*PROBLEM STATEMENT*:
Lines with the word "Dress" in them must be copied from the records below.

[Dataset entries]
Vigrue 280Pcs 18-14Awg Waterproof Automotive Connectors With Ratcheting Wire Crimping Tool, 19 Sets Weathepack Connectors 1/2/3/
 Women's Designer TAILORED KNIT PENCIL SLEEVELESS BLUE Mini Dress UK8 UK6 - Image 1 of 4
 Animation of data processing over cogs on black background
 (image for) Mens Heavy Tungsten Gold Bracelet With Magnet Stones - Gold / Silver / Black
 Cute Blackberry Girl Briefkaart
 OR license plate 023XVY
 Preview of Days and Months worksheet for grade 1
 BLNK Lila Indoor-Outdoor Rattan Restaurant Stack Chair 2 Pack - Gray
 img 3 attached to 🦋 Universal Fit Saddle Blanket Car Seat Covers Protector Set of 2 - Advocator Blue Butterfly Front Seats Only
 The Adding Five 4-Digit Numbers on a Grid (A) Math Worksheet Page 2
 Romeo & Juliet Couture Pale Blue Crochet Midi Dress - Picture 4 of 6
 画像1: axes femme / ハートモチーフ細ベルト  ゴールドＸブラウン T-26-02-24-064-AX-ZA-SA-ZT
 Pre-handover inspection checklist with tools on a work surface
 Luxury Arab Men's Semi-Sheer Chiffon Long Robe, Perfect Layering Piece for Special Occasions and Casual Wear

*EXERCISE OUTPUT*:
 Women's Designer TAILORED KNIT PENCIL SLEEVELESS BLUE Mini Dress UK8 UK6 - Image 1 of 4
 Romeo & Juliet Couture Pale Blue Crochet Midi Dress - Picture 4 of 6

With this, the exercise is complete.